アドリブは「相手を思いやっていないとできない」
――アドリブがとても多い現場だと聞きました。
それはもう、うちの師匠が(笑)。
僕ですら西田さんが次にどんなアドリブの球を投げてくるか本番まで分からないです。でも、絶対におもしろい。アドリブを西田さんが投げると、ボールはこっちに向かって飛んできているんです。だから、受け手の僕がこぼすと僕のNGになるんですよ(笑)。そういった意味では“アドリブ合戦”は、とっても責任重大。西田さんはアドリブで有名ですが、ストーリーから逸脱していることを言ってるわけではないし、正解を投げているんです。
「(アドリブ)すごいから大変なんだよ」って言う人は、それは西田さんのせいではなく、取り手の問題だと僕は思っています。銀幕のスターの球を取れるっていうのは、いち若手俳優として最高の環境です。でも、その分(良い球を)返してやろうって思いますよ!
西田さん、大御所ですが結構“ゲラ”なんです(笑)。だから、(面白いアドリブを)やり返すと喜んで下さるんですよ。
アリスちゃんもそれをゆうに越えてきます。「何この子!?」って思うときも多々ありますし、素晴らしいです。

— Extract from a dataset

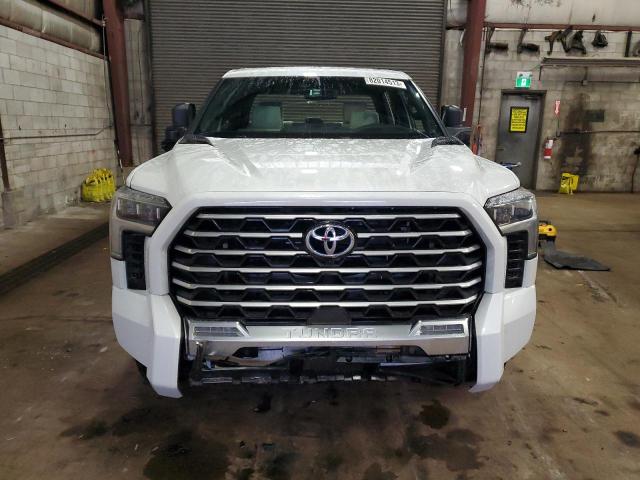 Photo 4 VIN: 5TFVC5DB0PX036634 - TOYOTA TUNDRA 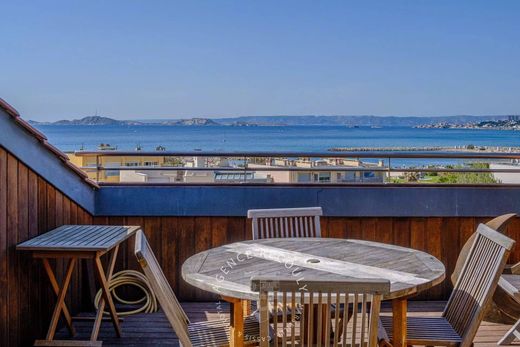 Apartamento - Marselha, Bocas do Ródano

――アドリブは柔らかい状態でいることが大事なのでしょうか。
(台本に)書いてある文字だけしか覚えていないと対応できないかもしれないです。シーンの前後や台本の流れが頭に入っているかとか、相手がどんなキャラクターかとか。僕はアドリブが好きだし、お芝居に必要なことだと思います。決して迷惑なことではないし、相手を思いやっていないとできないことでもあると思うんです。
――突拍子もないことを言うわけではないのですね。
(突拍子もないことを言うと)シーンが成立しないですからね。相手をつぶそうと思えばつぶせてしまう。そうじゃなくて会話劇を楽しんでいただくためにアドリブは必要なエッセンス。西田さんを側で見て、それを教えていただきました。
――ハマちゃんの役作りでどういったことを意識されましたか。
ハマちゃんを演じる上で一番は、毒を抜く作業。ハマちゃんは言葉的には結構乱暴なことを言っているんですよ(笑)。だけど、乱暴なことを言って不快感を与えてしまったら、僕の憧れるハマちゃんではなくなってしまう気がするんです。
たぶん佐々木課長(吹越満)もあんなに生意気言われて、悪態つかれているけど、ハマちゃんのことをすごく好きだと思うんです。それは吹越さんの表現のおかげではありますが、それに頼りっきりだと関係が成立しない。大先輩・吹越さんの受け手としてのすごさ、あれに甘えっきりではなくて、僕も毒を抜かないと2人の関係は良くならない気がします。
ハマちゃんとスーさんがいかに仲良しだと言っても、毒っ気が強すぎると見ている人は気分が悪くなると思うんです。若いやつがおじいさんをいじめてるみたいになるから(笑)。それだけは避けたい。乱暴なことを言っても、相手を嫌な気持ちにさせない、そこを目指しています。